Le ramadan tire à sa fin avec son lot de soupirs amers et la résistance tenace des couffins. Il draine encore les appréhensions lourdes des examens scolaires passés et à venir et les attentes des familles qui tentent de s'adapter à la nécessité de croire à un avenir serein pour leurs enfants. Le fatalisme arabe a du bon et on fait comme si la vie est un long fleuve tranquille. Pourtant dans toutes les chaumières on sait que la pesante chape d'inquiétude plane sur toutes les têtes.

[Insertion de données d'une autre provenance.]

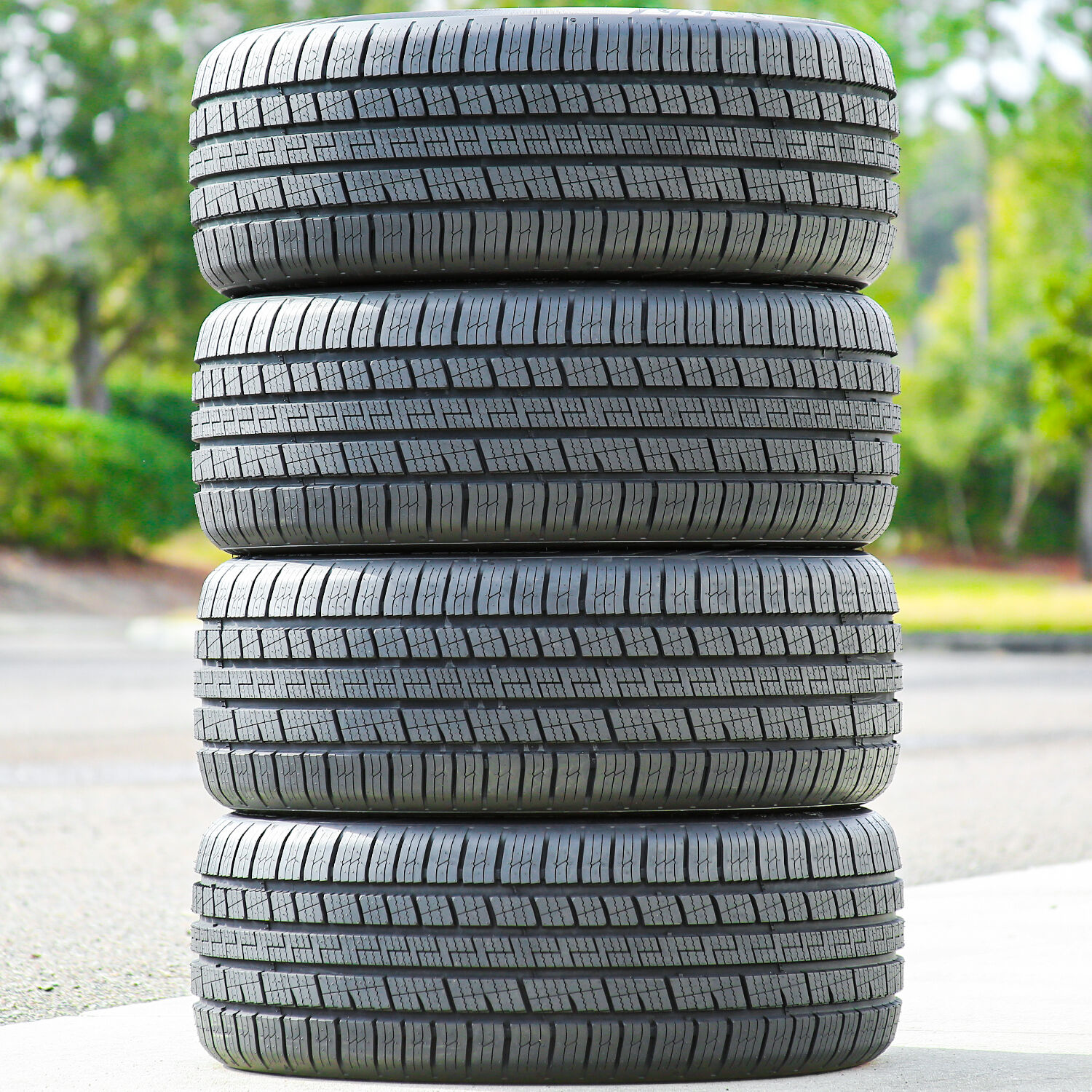 Lexani Quattro Tempo Tour AW 245/45R20 103V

On sait que la société tout entière est définitivement prise à la glu.

Sans doute faudrait-il s'accrocher à la naïveté d'admettre que celui qui a actionné la planche à billets a eu le génie contesté d'éviter le coup de massue à des pans entiers de la population. Les fonctionnaires et les retraités ont la faveur débridée d'une justification matérielle pour lui allumer un cierge pour une provision momentanée. A écouter des banquiers et à tendre l'oreille à moult acteurs économiques, la situation est dramatique. Pour échapper au passage inévitable à la trappe, la majorité des entreprises tentent vainement une hibernation estivale avant terme. Le commerce et l'immobilier tanguent et les marchés populaires et les souks n'affichent plus depuis un temps leur entrain coutumier. Les biens se bradent et les comptes bancaires se sont vidés à la mesure d'une confiance désintégrée. Bien qu'anodin mais signe des temps, les vendeurs de sucreries ont presque chômé ce ramadan. Ils annoncent avec une désolation naïve que les ères du sucrage sont bel et bien finies.

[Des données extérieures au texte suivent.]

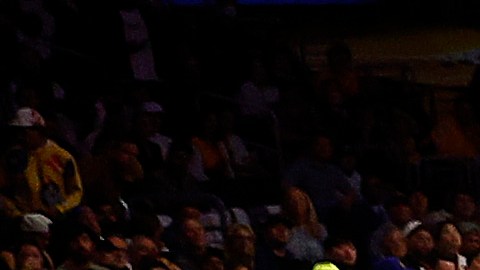Anthony Davis lanza un tiro fuera de balance durante el juego 3 de la serie entre Lakers y Warriors.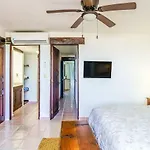 Oceanside Townhome A Block To Beach Plus 3 Pools Onsite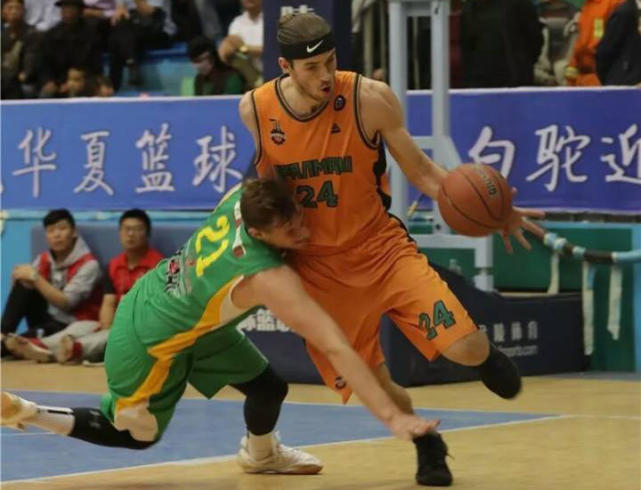 篮球氛围火爆!青海一县有148支球队 赛事不断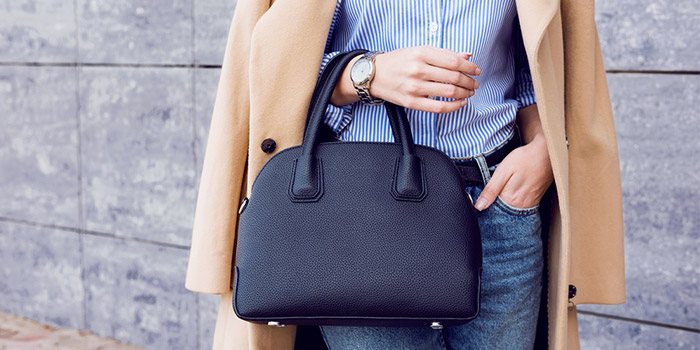 Cặp sách là món quà tặng giáo viên không nên bỏ qua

On a encore marché hier comme tous les vendredis. Partout avec la même hargne et les mêmes mots d'ordre. Les marcheurs ne sont pas des marcheurs du dimanche comme ils l'ont été pendant des décennies. Mieux que ceux qui sont payés pour s'en préoccuper dans des salons capitonnés, ils sont au fait de la situation dramatique du pays et ils ont conscience qu'à un moment ou à un autre ils ont accepté d'être bernés. Pouvait-il en être autrement quand on se réveille pieds nus et en haillons d'un cauchemar qui a duré plus d'un demi-siècle ? Pendant près de 60 ans. Ils n'avaient que la docilité corrompue comme monnaie d'échange face à de piètres illuminés, faux apôtres de bravades empiffrés et forts d'une légitimité usurpée, jusqu'à s'identifier à la souris ivre qui réclamait qu'on lui ramène le tigre pour le corriger. Cette fanfaronnade-là a été la pire des ennemies.